Assess distal pulses, particularly dorsalis pedis and posterior tibial. If they are absent or weak, it suggests the need for further testing for vascular integrity.
Assess sensation because persons with loss of protective sensation are at risk for skin ulceration. The instrument most frequently used for detection of neuropathy is the nylon Semmes-Weinstein monofilament. Inability to perceive the 10-g force applied by a 5.07 monofilament is associated with clinically significant large-fiber neuropathy [22].
Evaluate gait and balance. Peripheral neuropathy predisposes to falls and skin trauma. Probe any ulcers with sterile cotton-tipped applicators or surgical instruments. If bone is reached, this identifies persons with osteomyelitis, and other special bone imaging is unnecessary [23]. Assess shoes for uneven wear patterns, areas of breakdown, and width of the toe box.

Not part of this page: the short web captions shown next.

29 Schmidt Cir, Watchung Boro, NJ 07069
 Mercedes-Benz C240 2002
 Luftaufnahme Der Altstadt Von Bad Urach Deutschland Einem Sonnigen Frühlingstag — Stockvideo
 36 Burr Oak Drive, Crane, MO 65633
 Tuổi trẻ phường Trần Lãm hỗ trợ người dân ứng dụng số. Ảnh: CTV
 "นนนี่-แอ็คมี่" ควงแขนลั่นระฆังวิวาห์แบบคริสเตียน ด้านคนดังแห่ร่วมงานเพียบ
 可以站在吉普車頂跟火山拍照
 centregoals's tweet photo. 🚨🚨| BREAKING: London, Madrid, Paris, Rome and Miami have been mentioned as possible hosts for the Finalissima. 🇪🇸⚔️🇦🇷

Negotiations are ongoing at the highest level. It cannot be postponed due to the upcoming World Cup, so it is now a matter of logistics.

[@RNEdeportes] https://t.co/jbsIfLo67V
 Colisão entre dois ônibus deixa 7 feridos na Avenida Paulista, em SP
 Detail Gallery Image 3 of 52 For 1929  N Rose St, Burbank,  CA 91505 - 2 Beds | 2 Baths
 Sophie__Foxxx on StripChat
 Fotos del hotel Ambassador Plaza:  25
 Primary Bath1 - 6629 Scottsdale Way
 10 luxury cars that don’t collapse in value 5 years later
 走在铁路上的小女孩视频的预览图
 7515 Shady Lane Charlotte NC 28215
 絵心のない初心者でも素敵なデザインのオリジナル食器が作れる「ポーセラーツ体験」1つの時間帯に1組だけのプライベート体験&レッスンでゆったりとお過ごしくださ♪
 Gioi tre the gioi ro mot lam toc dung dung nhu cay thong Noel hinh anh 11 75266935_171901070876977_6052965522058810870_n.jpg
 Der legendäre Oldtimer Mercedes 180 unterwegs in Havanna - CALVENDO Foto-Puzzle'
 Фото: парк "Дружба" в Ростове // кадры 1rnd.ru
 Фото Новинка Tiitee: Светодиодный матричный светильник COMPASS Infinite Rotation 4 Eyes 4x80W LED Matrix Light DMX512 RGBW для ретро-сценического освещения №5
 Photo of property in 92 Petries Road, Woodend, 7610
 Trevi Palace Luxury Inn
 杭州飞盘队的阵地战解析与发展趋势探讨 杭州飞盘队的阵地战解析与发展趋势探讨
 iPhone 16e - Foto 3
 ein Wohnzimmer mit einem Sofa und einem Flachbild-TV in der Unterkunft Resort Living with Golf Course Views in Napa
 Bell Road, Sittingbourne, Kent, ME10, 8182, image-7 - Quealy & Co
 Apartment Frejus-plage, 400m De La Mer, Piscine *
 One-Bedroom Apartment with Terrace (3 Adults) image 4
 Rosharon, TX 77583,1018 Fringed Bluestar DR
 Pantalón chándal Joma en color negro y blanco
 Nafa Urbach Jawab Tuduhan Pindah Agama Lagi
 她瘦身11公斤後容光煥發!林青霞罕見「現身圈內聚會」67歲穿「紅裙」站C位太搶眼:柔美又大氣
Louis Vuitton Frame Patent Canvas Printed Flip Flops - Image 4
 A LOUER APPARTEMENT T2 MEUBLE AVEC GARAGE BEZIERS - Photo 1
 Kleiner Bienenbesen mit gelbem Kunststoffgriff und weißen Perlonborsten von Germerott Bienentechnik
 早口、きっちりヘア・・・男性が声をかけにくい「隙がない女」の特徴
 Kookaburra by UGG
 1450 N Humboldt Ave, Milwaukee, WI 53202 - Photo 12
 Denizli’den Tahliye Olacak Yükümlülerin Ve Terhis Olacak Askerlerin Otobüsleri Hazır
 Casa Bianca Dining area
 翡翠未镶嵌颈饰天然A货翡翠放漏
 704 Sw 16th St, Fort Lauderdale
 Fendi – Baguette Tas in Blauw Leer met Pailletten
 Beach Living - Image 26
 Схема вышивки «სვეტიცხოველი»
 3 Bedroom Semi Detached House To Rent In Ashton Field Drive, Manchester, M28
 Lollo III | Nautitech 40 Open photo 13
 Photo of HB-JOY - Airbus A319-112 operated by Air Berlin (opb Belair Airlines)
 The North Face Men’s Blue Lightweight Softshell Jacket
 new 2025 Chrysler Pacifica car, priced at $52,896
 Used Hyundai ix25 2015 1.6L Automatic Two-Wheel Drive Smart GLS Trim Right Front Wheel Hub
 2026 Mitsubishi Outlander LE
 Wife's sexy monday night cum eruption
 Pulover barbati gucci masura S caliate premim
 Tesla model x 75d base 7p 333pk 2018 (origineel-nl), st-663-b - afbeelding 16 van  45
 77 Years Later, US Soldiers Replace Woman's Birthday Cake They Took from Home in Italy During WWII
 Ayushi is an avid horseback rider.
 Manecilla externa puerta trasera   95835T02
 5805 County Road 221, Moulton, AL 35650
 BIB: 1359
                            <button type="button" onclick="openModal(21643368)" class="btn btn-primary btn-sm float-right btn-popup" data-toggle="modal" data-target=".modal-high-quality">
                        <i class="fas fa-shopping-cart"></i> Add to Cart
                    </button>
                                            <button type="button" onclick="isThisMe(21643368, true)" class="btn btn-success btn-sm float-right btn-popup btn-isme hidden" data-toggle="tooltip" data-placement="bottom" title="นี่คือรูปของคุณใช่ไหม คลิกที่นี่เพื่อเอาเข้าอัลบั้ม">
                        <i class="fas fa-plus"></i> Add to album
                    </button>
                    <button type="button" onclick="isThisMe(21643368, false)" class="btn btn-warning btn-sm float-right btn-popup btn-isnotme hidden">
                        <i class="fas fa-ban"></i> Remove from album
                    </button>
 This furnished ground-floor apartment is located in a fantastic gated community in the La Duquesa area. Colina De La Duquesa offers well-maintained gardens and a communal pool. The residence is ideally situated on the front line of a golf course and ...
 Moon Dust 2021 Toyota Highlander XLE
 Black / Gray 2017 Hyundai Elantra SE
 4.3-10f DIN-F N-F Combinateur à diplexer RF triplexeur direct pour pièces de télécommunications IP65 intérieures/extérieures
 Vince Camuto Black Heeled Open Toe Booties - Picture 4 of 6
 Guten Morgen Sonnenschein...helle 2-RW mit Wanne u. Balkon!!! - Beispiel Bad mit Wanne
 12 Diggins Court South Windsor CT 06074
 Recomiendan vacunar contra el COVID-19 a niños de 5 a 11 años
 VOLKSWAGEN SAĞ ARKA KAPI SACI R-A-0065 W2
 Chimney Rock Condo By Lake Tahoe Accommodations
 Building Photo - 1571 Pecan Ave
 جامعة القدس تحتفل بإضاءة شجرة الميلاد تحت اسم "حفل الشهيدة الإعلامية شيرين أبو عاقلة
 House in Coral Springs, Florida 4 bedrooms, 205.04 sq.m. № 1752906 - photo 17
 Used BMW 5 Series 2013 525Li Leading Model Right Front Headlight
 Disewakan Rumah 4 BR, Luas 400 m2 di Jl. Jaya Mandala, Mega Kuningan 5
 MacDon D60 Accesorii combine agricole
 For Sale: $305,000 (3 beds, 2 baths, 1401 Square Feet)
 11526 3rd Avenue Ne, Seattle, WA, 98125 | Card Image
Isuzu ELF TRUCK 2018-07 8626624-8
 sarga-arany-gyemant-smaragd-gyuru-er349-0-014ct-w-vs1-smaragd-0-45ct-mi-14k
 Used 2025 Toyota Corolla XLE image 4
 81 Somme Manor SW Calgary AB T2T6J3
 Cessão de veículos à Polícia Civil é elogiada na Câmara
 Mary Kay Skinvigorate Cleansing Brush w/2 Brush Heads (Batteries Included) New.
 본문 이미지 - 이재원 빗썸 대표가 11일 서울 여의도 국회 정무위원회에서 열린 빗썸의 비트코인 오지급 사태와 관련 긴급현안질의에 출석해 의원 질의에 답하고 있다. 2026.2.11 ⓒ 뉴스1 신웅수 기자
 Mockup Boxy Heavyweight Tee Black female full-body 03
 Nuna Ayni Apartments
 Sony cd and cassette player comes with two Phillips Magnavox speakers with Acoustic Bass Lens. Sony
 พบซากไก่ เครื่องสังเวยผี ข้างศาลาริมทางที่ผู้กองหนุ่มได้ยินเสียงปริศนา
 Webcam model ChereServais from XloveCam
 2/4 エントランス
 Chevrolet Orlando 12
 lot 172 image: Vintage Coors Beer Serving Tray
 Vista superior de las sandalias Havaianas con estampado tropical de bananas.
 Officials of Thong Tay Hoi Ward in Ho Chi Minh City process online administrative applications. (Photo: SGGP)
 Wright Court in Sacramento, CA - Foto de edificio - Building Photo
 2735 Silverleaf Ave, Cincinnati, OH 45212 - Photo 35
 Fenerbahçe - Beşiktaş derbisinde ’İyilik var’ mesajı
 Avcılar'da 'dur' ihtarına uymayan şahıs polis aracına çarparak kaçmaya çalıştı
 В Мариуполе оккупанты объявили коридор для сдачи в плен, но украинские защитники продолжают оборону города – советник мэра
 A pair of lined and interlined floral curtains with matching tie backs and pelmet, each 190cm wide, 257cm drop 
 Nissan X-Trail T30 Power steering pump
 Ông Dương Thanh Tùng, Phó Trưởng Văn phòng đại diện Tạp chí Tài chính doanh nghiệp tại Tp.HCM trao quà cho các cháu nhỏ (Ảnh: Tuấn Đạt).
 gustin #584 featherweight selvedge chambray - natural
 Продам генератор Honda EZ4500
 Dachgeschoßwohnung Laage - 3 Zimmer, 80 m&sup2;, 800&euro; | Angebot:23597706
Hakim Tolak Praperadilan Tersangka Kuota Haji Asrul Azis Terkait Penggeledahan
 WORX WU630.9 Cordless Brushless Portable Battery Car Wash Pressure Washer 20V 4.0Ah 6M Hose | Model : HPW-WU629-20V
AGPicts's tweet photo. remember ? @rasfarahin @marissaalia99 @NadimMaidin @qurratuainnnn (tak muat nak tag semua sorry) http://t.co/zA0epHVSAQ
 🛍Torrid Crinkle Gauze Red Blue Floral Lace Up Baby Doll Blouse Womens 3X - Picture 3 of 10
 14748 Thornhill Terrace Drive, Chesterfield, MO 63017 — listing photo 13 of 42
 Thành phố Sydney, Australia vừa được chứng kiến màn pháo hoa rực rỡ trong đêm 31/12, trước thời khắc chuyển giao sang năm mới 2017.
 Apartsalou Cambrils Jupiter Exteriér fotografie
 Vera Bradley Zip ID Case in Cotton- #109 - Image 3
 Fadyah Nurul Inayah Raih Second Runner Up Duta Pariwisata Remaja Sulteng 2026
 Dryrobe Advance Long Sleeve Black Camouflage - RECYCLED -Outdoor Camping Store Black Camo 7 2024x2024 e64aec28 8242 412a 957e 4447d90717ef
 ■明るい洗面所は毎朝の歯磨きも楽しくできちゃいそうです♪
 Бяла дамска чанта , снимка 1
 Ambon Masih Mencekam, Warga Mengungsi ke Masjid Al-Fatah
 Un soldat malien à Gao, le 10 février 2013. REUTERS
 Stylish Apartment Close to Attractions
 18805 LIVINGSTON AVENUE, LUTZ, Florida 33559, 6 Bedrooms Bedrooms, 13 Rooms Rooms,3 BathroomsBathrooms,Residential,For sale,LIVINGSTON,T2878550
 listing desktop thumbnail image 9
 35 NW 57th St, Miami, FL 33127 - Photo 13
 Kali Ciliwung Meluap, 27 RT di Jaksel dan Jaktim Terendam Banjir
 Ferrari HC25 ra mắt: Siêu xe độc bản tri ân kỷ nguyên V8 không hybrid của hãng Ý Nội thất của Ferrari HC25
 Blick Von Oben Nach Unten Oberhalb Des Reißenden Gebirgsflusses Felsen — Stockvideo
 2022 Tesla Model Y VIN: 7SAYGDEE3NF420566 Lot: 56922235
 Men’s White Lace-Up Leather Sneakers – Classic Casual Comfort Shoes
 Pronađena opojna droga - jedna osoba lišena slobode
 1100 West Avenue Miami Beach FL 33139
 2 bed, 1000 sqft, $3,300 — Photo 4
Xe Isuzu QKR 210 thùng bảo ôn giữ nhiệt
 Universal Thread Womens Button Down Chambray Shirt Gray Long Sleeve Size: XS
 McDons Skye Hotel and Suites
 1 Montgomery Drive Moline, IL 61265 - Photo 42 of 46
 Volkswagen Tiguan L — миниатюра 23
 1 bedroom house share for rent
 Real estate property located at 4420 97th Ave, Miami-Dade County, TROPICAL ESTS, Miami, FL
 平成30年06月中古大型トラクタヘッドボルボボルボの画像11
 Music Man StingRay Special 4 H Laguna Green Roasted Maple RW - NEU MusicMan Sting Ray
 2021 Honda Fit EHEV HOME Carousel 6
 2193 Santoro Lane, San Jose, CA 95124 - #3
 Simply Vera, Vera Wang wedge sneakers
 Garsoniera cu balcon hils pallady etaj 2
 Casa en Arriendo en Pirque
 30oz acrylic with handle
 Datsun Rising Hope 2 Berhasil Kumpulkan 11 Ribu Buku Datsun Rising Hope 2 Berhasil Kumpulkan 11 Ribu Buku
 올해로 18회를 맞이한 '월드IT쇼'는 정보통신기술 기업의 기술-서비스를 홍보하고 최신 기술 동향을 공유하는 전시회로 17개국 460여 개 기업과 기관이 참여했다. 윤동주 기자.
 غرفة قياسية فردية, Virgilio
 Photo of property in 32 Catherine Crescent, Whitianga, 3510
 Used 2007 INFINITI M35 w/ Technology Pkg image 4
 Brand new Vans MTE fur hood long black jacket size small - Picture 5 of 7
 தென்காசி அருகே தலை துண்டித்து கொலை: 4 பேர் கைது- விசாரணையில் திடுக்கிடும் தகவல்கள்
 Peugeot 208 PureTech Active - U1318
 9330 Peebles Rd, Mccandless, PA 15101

Assess skin for redness and pressure points.
Functional Limitations
Persons with diabetes can develop peripheral polyneuropathy with loss of position sense and weakness. These can lead to gait instability and falls. Persons with PAD are often limited in community ambulation and vocational activities because of pain from claudication.
Diagnostic Studies
There are many noninvasive and invasive tests for PAD that are beyond the scope of this discussion. Angiography can identify surgically remediable lesions.
In the outpatient setting, the ankle-brachial index, a ratio of Doppler-recorded systolic pressures in the lower and upper extremities, is a convenient, accurate, noninvasive test that provides objective assessment of lower limb vascular status for screening and diagnosis of PAD [24]. Based on the results of the Ankle Brachial Index Collaboration, values above 1.40 indicate noncompressible arteries. Normal values are 1.00 to 1.40; borderline, 0.91 to 0.99; and abnormal, 0.90 or less [25]. The American College of Cardiology Foundation and American Heart Association Task Force on Practice Guidelines recommend resting ankle-brachial index to establish the diagnosis of lower extremity PAD in patients with exertional leg symptoms, nonhealing wounds, and age 65 years and older or 50 years and older with a history of smoking or diabetes [25]. Measurement of systolic pressure in the foot also provides a measure of arterial integrity.
Transcutaneous oximetry is the best method for assessment of cutaneous ischemia [9]. Transcutaneous oximetry pressures of more than 40 mm Hg are normal; pressures of 20 to 40 mm Hg indicate moderate disease, and potential for healing of a skin ulcer is less likely. With pressures below 20 mm Hg, severe skin ischemia is present, and skin healing is poor.
Systolic blood pressures in the foot are also helpful in quantifying the severity of ischemia. Persons with ischemic ulcers and ankle systolic pressures of less than 40 to 60 mm Hg are considered to have severe ischemia. Persons with persistently recurring ischemic rest pain and ankle systolic pressures of 50 mm Hg or less are severely involved [9].